Jeremy Corbyn launched a scathing personal attack on Boris Johnson over the way black and white children connected to class A drugs are treated by the government in the wake of the deportation of ex-offenders to Jamaica.
The Labour leader called out the prime minister over allegations of his own drug use in the Commons, saying: “If there was a case of a young white boy with blond hair who later dabbled in class A drugs, and conspired with a friend to beat up a journalist, would he deport that boy?
“Or is it one rule for one black boys from the Caribbean and another for white boys from the United States?”
The prime minister was born in New York and gave up his US citizenship in 2016. He admitted he tried cocaine as a teenager and was recorded in 1990 on a call with his friend Darius Guppy, who was discussing how he planned on beating up a fellow journalist.
Corbyn used Prime Minister’s Questions to confront Johnson over the controversial deportation of ex-offenders to Jamaica.
About 50 people were due to be flown to the country earlier this week, including those convicted of rape, manslaughter and drugs offences.
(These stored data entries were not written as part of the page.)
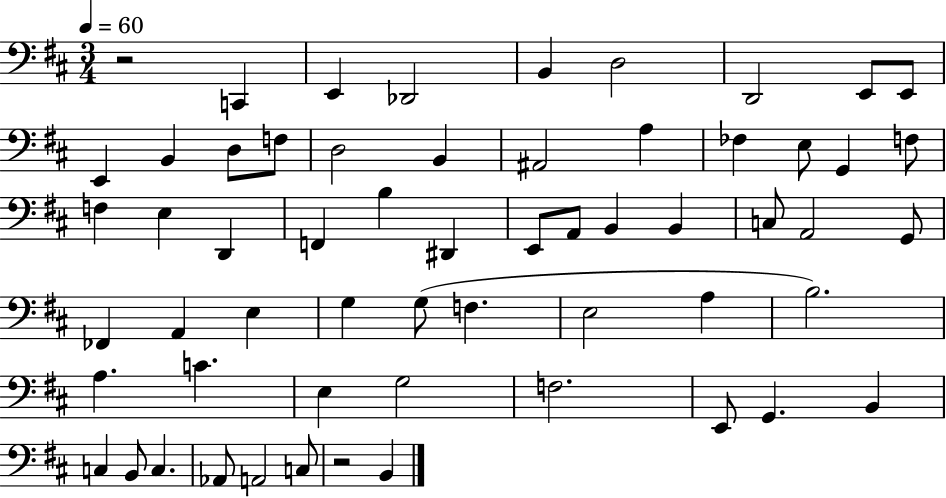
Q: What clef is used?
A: bass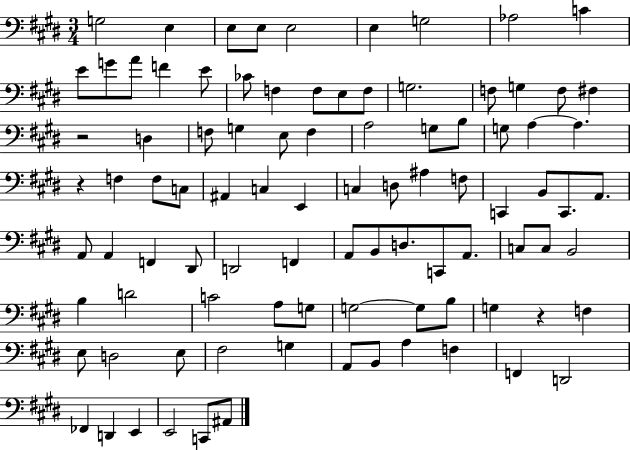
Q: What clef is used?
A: bass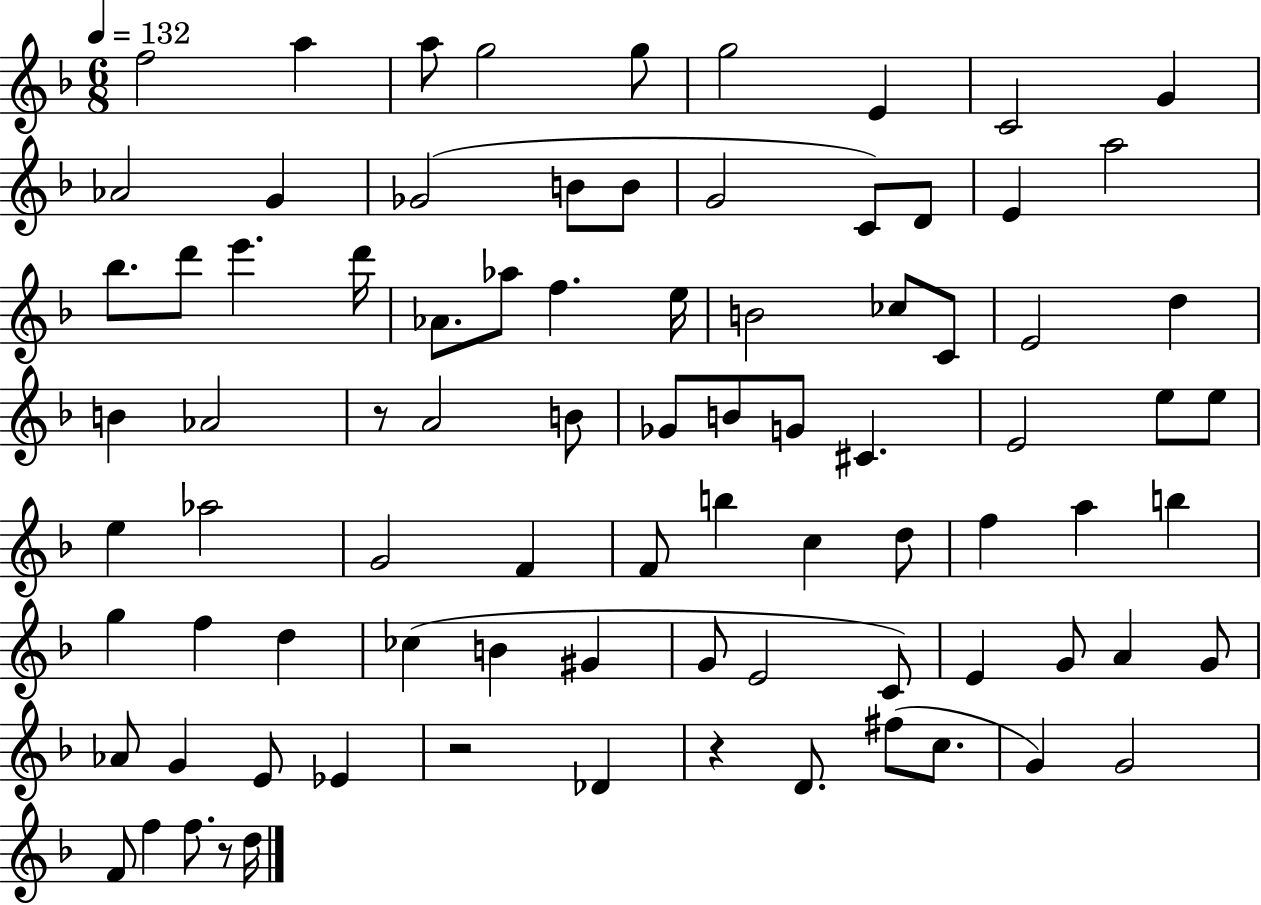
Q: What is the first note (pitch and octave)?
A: F5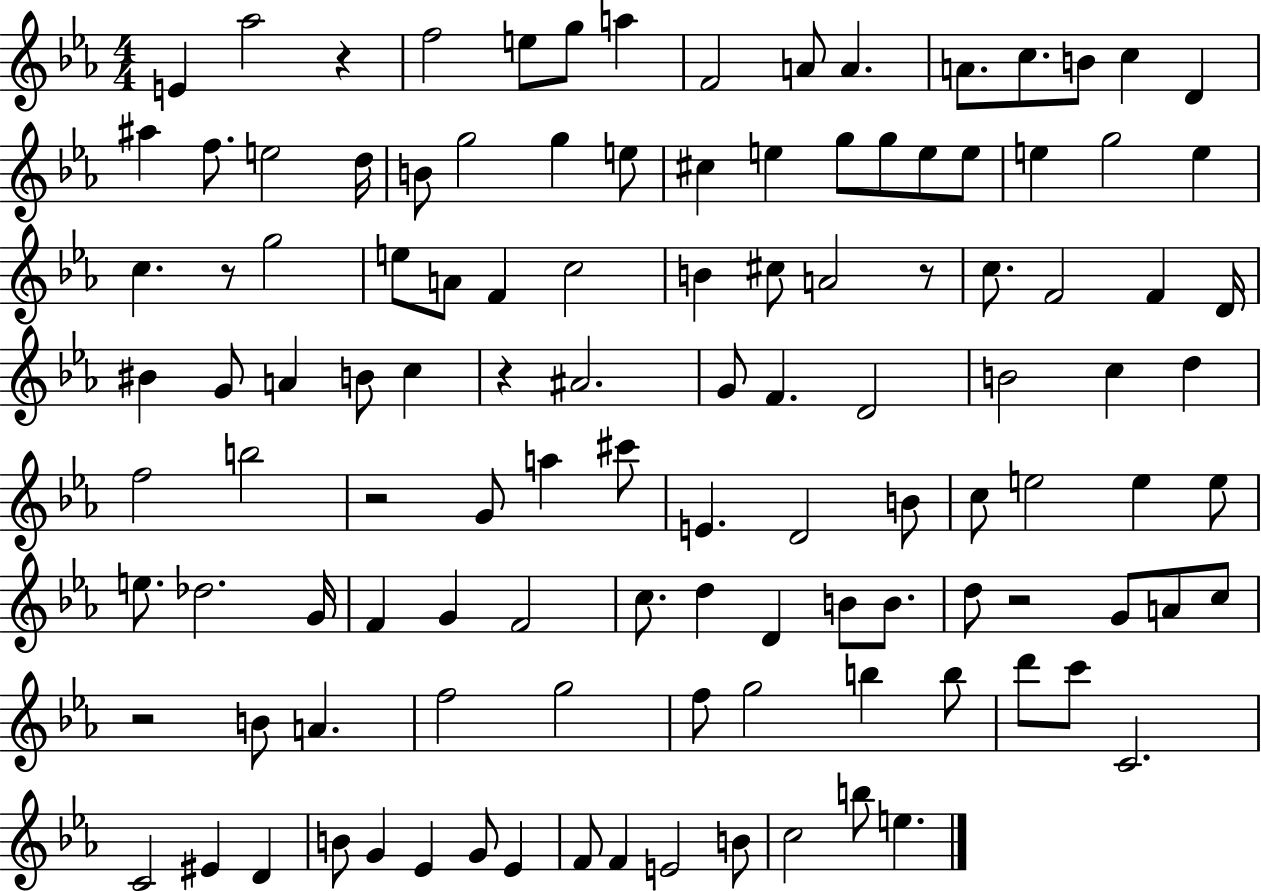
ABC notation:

X:1
T:Untitled
M:4/4
L:1/4
K:Eb
E _a2 z f2 e/2 g/2 a F2 A/2 A A/2 c/2 B/2 c D ^a f/2 e2 d/4 B/2 g2 g e/2 ^c e g/2 g/2 e/2 e/2 e g2 e c z/2 g2 e/2 A/2 F c2 B ^c/2 A2 z/2 c/2 F2 F D/4 ^B G/2 A B/2 c z ^A2 G/2 F D2 B2 c d f2 b2 z2 G/2 a ^c'/2 E D2 B/2 c/2 e2 e e/2 e/2 _d2 G/4 F G F2 c/2 d D B/2 B/2 d/2 z2 G/2 A/2 c/2 z2 B/2 A f2 g2 f/2 g2 b b/2 d'/2 c'/2 C2 C2 ^E D B/2 G _E G/2 _E F/2 F E2 B/2 c2 b/2 e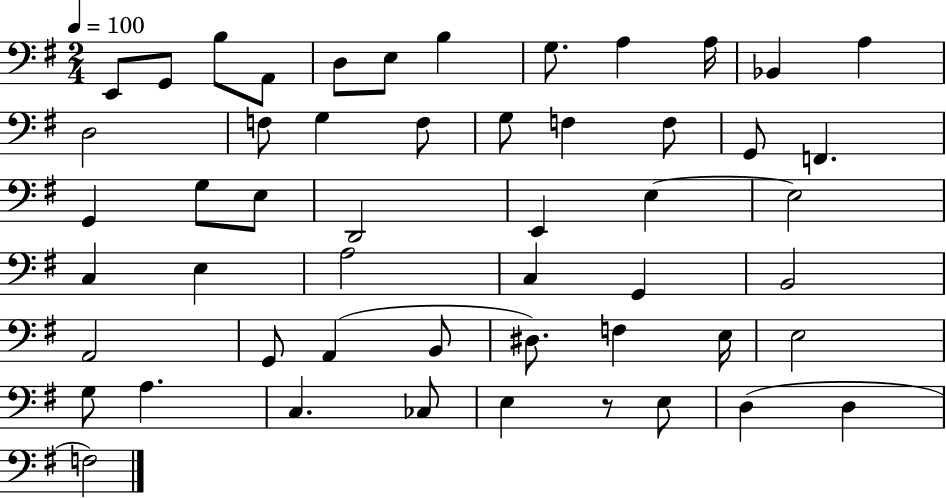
{
  \clef bass
  \numericTimeSignature
  \time 2/4
  \key g \major
  \tempo 4 = 100
  e,8 g,8 b8 a,8 | d8 e8 b4 | g8. a4 a16 | bes,4 a4 | \break d2 | f8 g4 f8 | g8 f4 f8 | g,8 f,4. | \break g,4 g8 e8 | d,2 | e,4 e4~~ | e2 | \break c4 e4 | a2 | c4 g,4 | b,2 | \break a,2 | g,8 a,4( b,8 | dis8.) f4 e16 | e2 | \break g8 a4. | c4. ces8 | e4 r8 e8 | d4( d4 | \break f2) | \bar "|."
}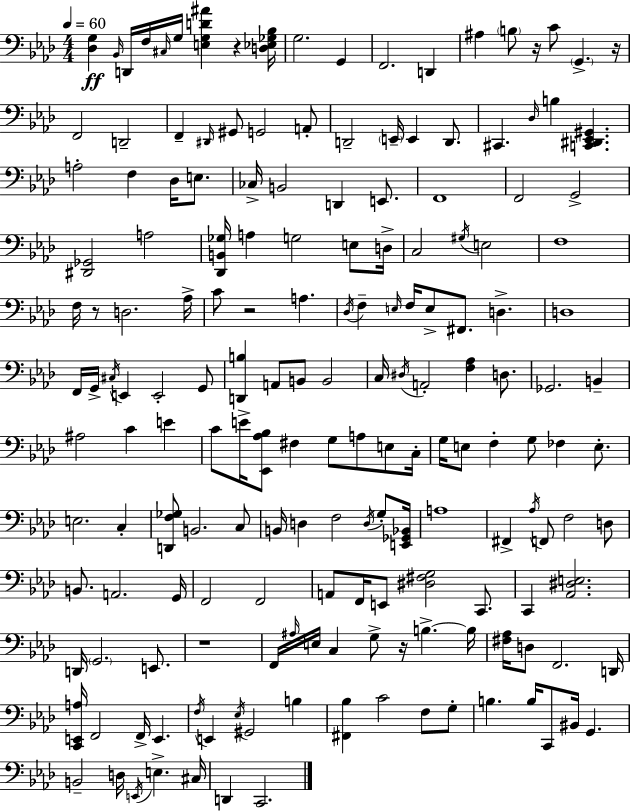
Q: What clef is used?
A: bass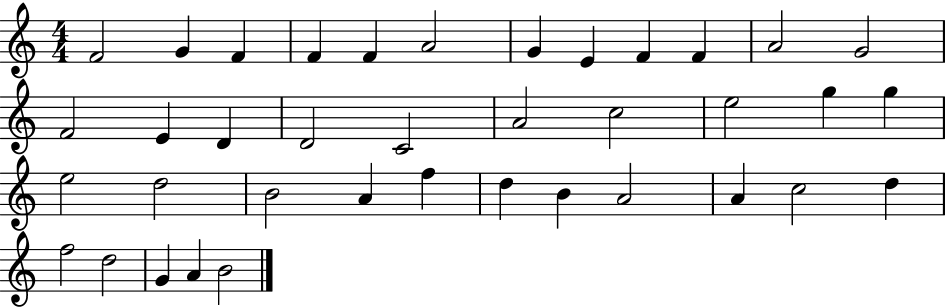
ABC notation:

X:1
T:Untitled
M:4/4
L:1/4
K:C
F2 G F F F A2 G E F F A2 G2 F2 E D D2 C2 A2 c2 e2 g g e2 d2 B2 A f d B A2 A c2 d f2 d2 G A B2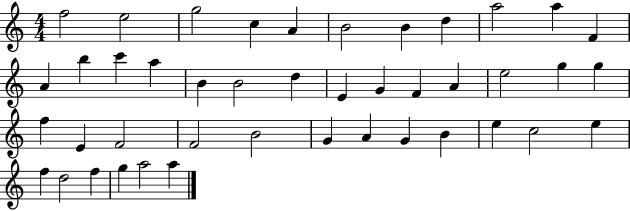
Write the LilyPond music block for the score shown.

{
  \clef treble
  \numericTimeSignature
  \time 4/4
  \key c \major
  f''2 e''2 | g''2 c''4 a'4 | b'2 b'4 d''4 | a''2 a''4 f'4 | \break a'4 b''4 c'''4 a''4 | b'4 b'2 d''4 | e'4 g'4 f'4 a'4 | e''2 g''4 g''4 | \break f''4 e'4 f'2 | f'2 b'2 | g'4 a'4 g'4 b'4 | e''4 c''2 e''4 | \break f''4 d''2 f''4 | g''4 a''2 a''4 | \bar "|."
}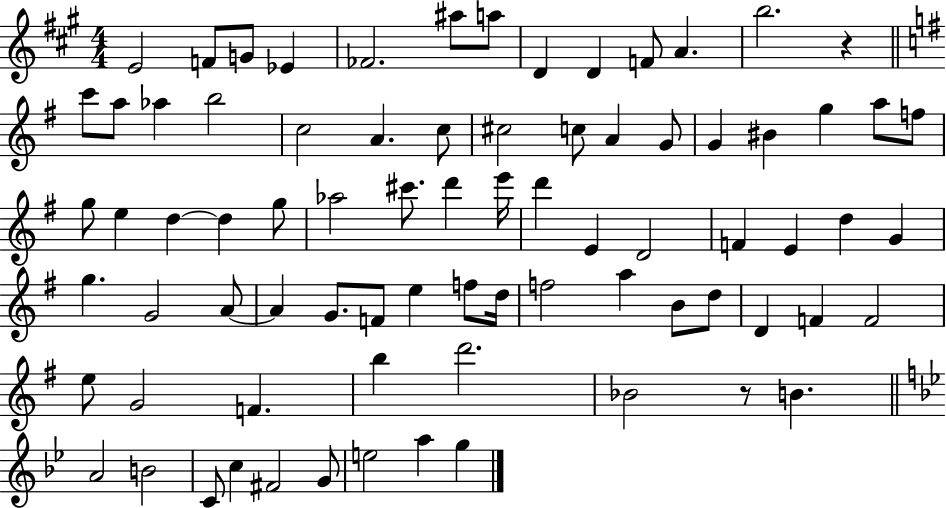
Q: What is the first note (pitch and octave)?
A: E4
However, the court of appeal stopped the deportation of 25 people due on the flight over concerns they had not had adequate access to legal advice because of a temporary outage of mobile phone signal in January.
Corbyn asked about the case of one offender who came to the UK aged five, who was recruited into a county lines drugs gang and had served time for his drugs offence.
The Labour leader said the man had served his time in prison and had never committed another crime.
He asked: “Does the prime minister think that someone who came to this country at the age of five and was the victim of county lines grooming and compelled to carry drugs, released five years ago and never reoffended, deserves to be deported?”
Johnson replied: “It is entirely right that foreign national offenders should be deported from this country in accordance with the law.”
Corbyn said: “Then the government has learnt nothing from the Windrush scandal.
“This cruel and callous government is trying to mislead the British people into thinking it’s solely deporting foreign nationals who are guilty of murder, rape and other very serious offences. This is clearly not the case.”
The deportation case has ignited rows about the Windrush immigration scandal as the “lessons learned” report is expected to suggest that all deportation flights cease until more work can be done to ascertain people’s citizenship.
The government has said none of the offenders are connected to Windrush and none are British nationals.
Johnson said Corbyn had demeaned himself by the tone of his questions and “besmirches the reputation of the Windrush generation who came to this country to work in our public services, to teach our children in this country”.
He later said the Labour leader was “soft” on the deportation of violent foreign offenders.